Using confocal microscopy techniques, Saunders and colleagues quantified the evolution of shape and arrangement of cells in both the highly curved region of the head and within the flatter region of the trunk. They found that cells near the embryo head skewed or deformed towards the trunk region, which is geometrically less constrained. A temporal analysis further revealed that cells in the head region changed their neighbors more frequently than cells in the trunk, in a process called a T1 transition. This resulted in cells having different neighbors at their apical and basal surfaces. Interestingly, these T1 transitions mainly occurred in the region of maximum skew along the apical-basal axes of these cells.
Based on analytical calculations, MBI Research Fellow Dr. Jean- Francois Rupprecht predicted that the location of maximum cellular skew is close to the embryo head. In the presence of a cell skew, the growth of the cell-cell membrane contributes to the mechanical balance of the apical tissue. This leads to the hypothesis that the contribution of the growth forces to the apical tissue dynamics is maximal near the embryo head.
To test this hypothesis, Jean-Francois developed a computational model of the tissue called a three-dimensional vertex model. Using this, he found that the growth-induced forces within the constrained geometry are indeed sufficient to drive the observed apical-basal T1 transition near the head.
Previous studies on the mechanics of tissue organization and organ growth have focused on the dynamics of the (two-dimensional) apical surface of epithelial cells. However, findings from this study clearly demonstrate the significance of considering the entire three-dimensional architecture of cells when considering tissues in curved environments.

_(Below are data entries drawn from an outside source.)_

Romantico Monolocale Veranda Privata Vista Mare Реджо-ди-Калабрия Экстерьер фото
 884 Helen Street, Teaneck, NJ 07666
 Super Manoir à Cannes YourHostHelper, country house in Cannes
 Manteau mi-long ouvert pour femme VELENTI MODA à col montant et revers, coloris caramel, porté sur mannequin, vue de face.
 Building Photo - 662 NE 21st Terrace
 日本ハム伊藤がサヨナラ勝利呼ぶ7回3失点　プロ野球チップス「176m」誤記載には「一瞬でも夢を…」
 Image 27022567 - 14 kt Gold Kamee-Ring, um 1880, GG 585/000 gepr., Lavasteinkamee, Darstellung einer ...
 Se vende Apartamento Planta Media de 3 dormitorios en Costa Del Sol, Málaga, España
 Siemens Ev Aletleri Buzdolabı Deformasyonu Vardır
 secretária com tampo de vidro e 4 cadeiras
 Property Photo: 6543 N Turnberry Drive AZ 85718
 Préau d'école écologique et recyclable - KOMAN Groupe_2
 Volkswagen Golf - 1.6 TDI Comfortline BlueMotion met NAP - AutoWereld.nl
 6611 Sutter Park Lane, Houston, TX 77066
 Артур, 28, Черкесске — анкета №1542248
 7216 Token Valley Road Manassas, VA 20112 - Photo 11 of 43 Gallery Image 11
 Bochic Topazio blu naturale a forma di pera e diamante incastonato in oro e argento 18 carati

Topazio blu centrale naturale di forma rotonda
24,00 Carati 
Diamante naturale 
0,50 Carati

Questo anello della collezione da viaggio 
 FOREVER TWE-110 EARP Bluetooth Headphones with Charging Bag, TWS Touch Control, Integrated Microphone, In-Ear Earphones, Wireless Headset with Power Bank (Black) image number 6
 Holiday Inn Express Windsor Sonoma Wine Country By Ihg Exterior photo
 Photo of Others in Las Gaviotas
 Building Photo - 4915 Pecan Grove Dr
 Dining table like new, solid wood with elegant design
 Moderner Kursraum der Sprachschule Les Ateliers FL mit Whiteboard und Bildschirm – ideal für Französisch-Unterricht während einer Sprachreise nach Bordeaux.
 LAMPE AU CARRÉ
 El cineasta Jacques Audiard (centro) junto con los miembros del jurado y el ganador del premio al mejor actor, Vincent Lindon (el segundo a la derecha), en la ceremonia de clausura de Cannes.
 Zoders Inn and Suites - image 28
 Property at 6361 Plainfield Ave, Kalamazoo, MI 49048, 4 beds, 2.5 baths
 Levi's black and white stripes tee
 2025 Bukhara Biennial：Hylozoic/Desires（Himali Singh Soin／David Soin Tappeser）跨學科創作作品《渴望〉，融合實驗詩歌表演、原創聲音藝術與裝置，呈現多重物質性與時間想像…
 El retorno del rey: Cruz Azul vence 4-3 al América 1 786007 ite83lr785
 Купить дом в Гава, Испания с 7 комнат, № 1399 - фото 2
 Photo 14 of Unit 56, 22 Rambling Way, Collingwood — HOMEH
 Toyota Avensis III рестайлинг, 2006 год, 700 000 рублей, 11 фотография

Force balance between the apical and basal surfaces drives the overall tissue dynamics and the onset of cellular processes such as division, growth, and rearrangements during tissue and organ formation.
By shedding light on how curvature affects epithelial tissue organization, this work provides potential insights into the organization of similar biological systems. Examples include the midgut wherein epithelial tissues are found within curved environments, and curvature is known to act as a mechanical signal for the localization of topological defects in these tissues.